Rubens Kuhl rubensk at nic.br
Sun Apr 22 18:21:20 UTC 2018



> On 22 Apr 2018, at 14:46, <trachtenbergm at gtlaw.com> <trachtenbergm at gtlaw.com> wrote:
> 
> Rubens,
> 
> See some preliminary responses below to your responses. I will likely have additional ones later, but am traveling and these jump out at me:
> 
>> No contract can exempt parties from following applicable law, otherwise there would be no laws.
> 
> This is not true in the U.S.   In the U.S. Courts may choose to enforce some provisions in contracts even though they violate applicable law. If course I recognize that EU and EU member state law are applicable here in the relevant cases, but are you certain that the same is not true in all EU and member state courts? Have you done legal research on this or are you just making a logical conclusion? If the latter, often times logical conclusions and how the law is drafted or applied are not the same.

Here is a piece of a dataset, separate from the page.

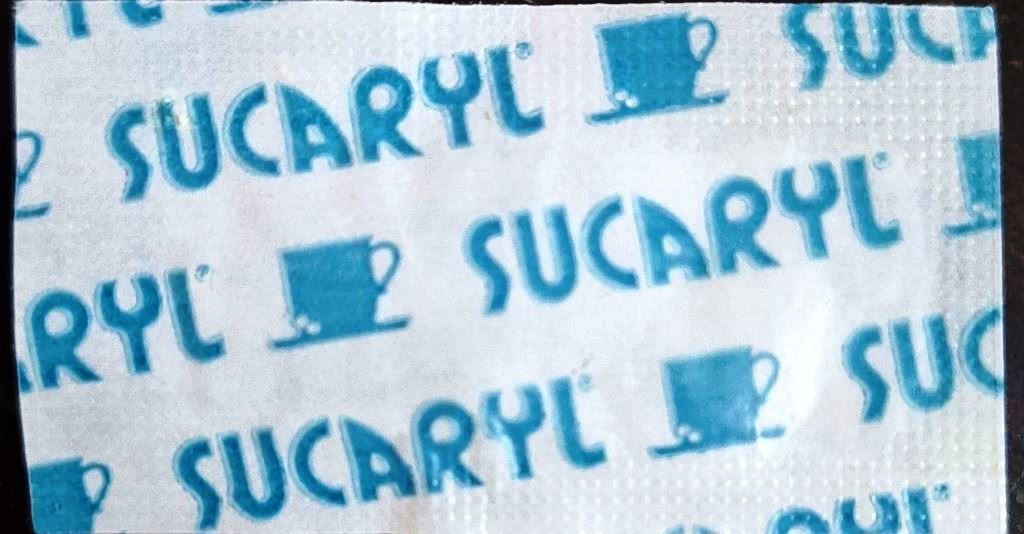 Sobres de edulcorantes de la marca Argentina de edulcorante SUCARYL. Sobres de edulcorantes de la marca Argentina de edulcorante SUCARYL.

Not a legal research, not a logical conclusion; it's the experience of living in a civil law country, opposed to a case law country like the US. Welcome to our side of the world.

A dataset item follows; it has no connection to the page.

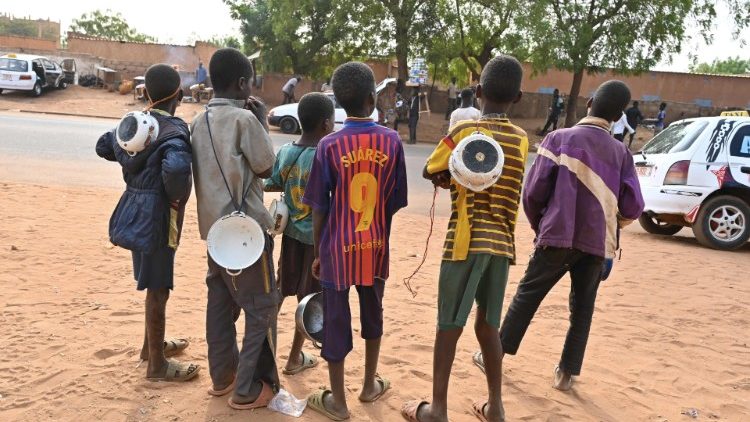 Giovani nigerini a Niamey, capitale del Niger (Issouf Sanogo / Afp)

> I  would also point out that we do not know that showing registrant name and email violates GDPR and there is no evidence or indication that there is not a sufficient legitimate interest to display such that doesn't outweigh the data subject's interest in privacy.

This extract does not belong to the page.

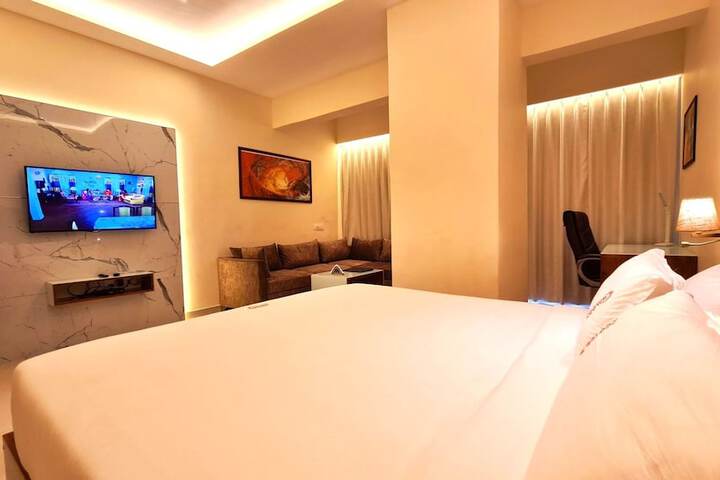 Room 14 of 37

You are welcome to make that point to DPAs and get them to say so. Before that happens, the many lawyers hired by contracted parties and ICANN seem to be in large agreement that they are. From the first part of the Hamilton papers:
https://www.icann.org/en/system/files/files/gdpr-memorandum-part1-16oct17-en.pdf <https://www.icann.org/en/system/files/files/gdpr-memorandum-part1-16oct17-en.pdf>

"Some of this data is clearly personal data (e.g. the name and address of a natural person)"
" Even if the information relates only to a legal person, it would still constitute personal data if, for instance, the company name includes the name of an identifiable natural person, if the contact address is a natural person’s residence or if the e-mail contact address contains the name of a natural person. "


> 
>> While WHOIS was an useful correlation tool, other techniques such as Passive DNS(2004) have been providing real good intelligence from actual attempts at bypassing security... so it's not fair to say that without WHOIS, everything falls apart.
> 
> This could only be said by someone who does not do online enforcement on an everyday or even regular basis. As someone who does, I can assure you that WhoIs is the foundation and starting  point for all online investigation and enforcement and without it those conducting such efforts to protect everyone, including you, like law enforcement, researchers, and intellectual property owners, will be blind. This is particularly the case that the majority of attacks now are not content (i.e.) website based. Without WhoIs that shows registrant name and email there is no effective online investigation and enforcement, plain and simple.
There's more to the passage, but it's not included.